╭─ SOURCE INFORMATION

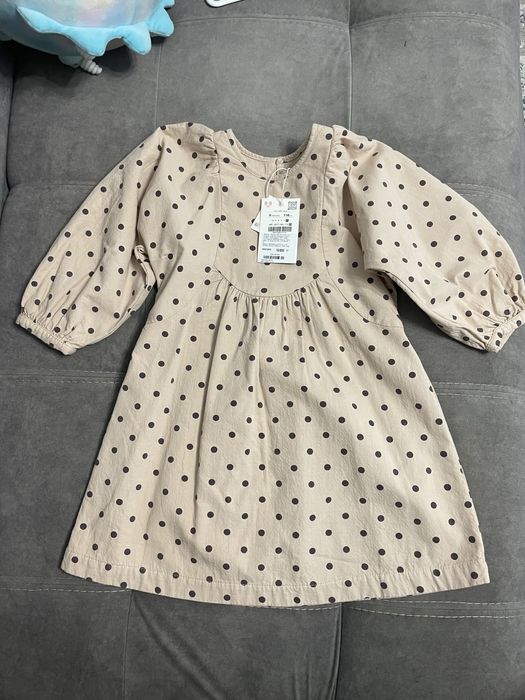 Новое платье для девочки Zara 6лет/116 см
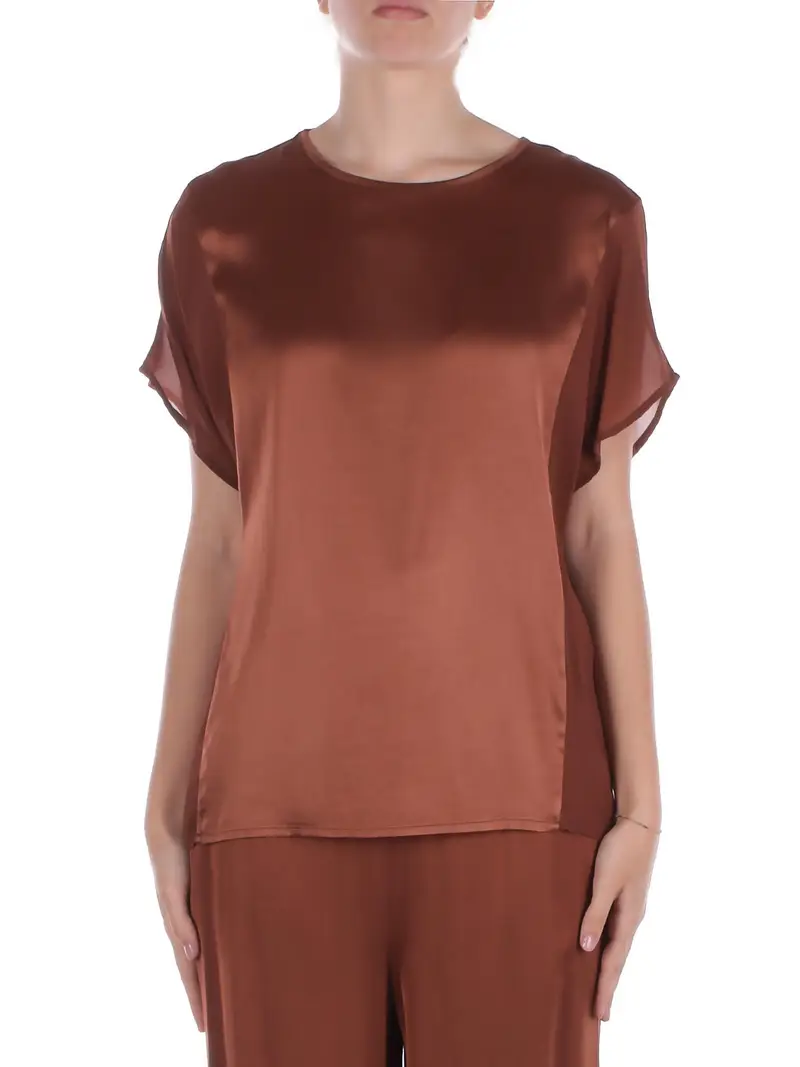 Blusa Donna MANILA GRACE Terra Blusa scatola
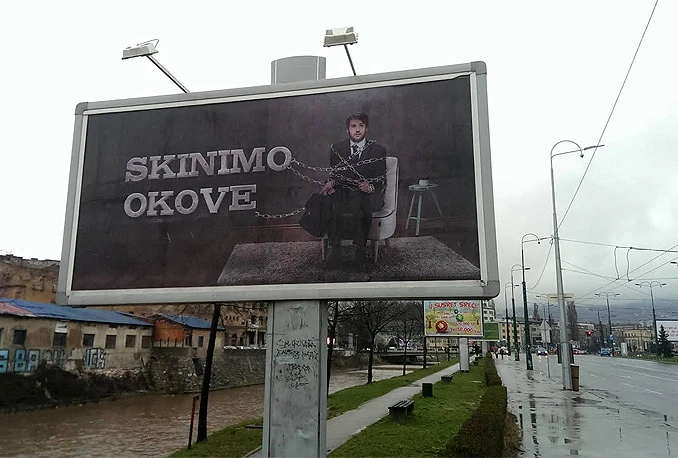 Šta je sa okovima?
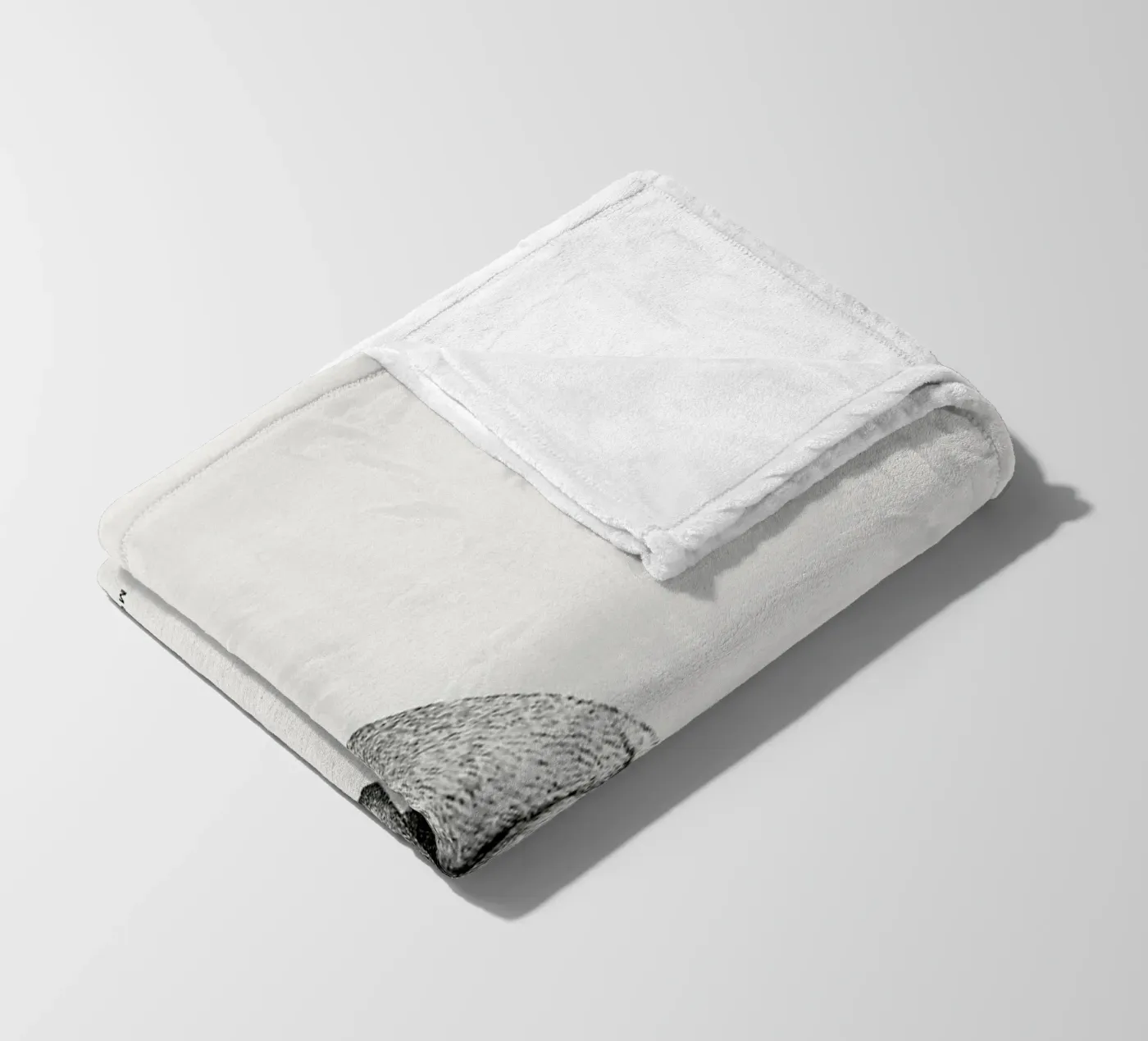 Monkey plaid polaire de Flora & Fauna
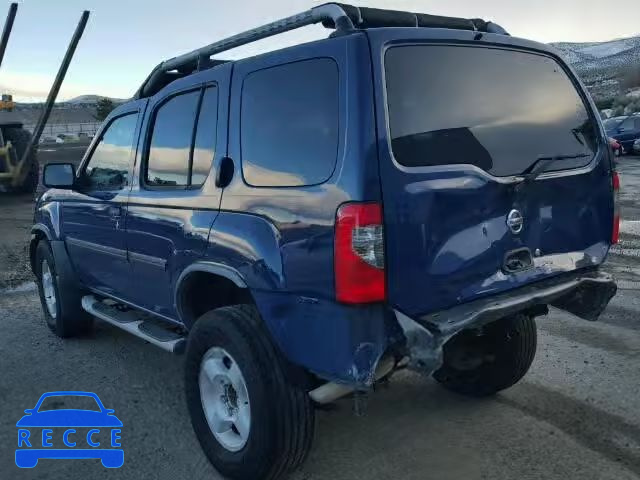 2003 NISSAN XTERRA XE/ 5N1ED28T23C679109 зображення 2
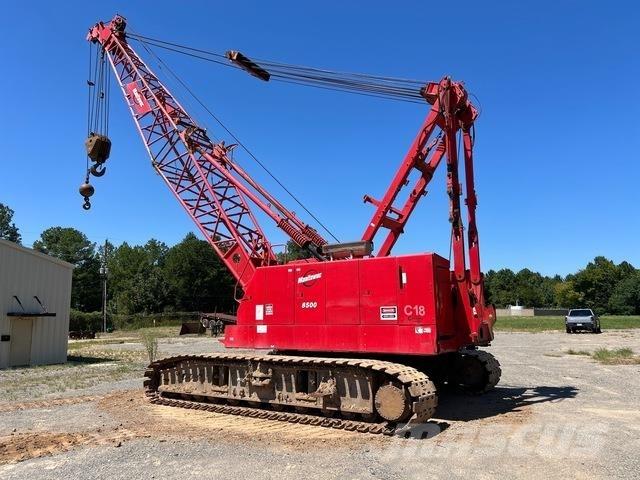 Manitowoc 8500 Beltegående Kran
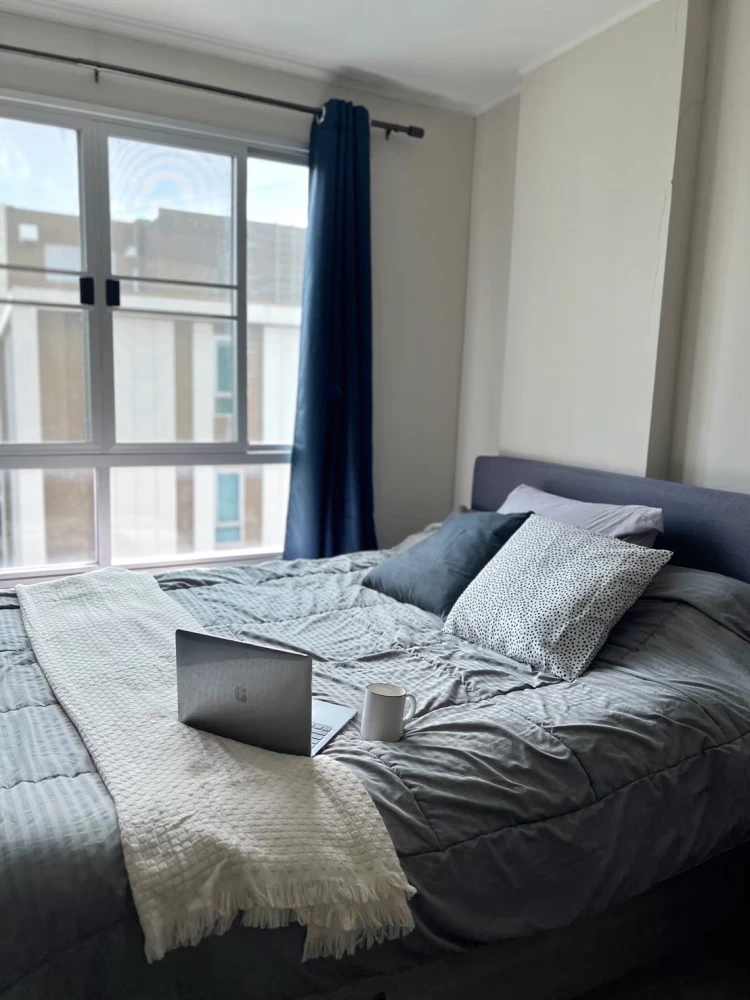 Condo for sale D CONDO CAMPUS DOME RANGSIT, fully furnished, decorated and ready to move in, urgent.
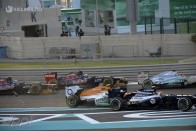 F1: Abu-Dzabi is akarja az év eleji tesztet 56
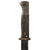Original German WWII 98k 1938 dated Bayonet by Carl Eickhorn with Scabbard and Frog - Matching Serial 6612 O Original Items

╰─

* [TASK DESCRIPTION]:
Print every line above exactly. Leave the pictures out.

* [TASK RESPONSE]:
 Новое платье для девочки Zara 6лет/116 см
 Blusa Donna MANILA GRACE Terra Blusa scatola
 Šta je sa okovima?
 Monkey plaid polaire de Flora & Fauna
 2003 NISSAN XTERRA XE/ 5N1ED28T23C679109 зображення 2
 Manitowoc 8500 Beltegående Kran
 Condo for sale D CONDO CAMPUS DOME RANGSIT, fully furnished, decorated and ready to move in, urgent.
 F1: Abu-Dzabi is akarja az év eleji tesztet 56
Original German WWII 98k 1938 dated Bayonet by Carl Eickhorn with Scabbard and Frog - Matching Serial 6612 O Original Items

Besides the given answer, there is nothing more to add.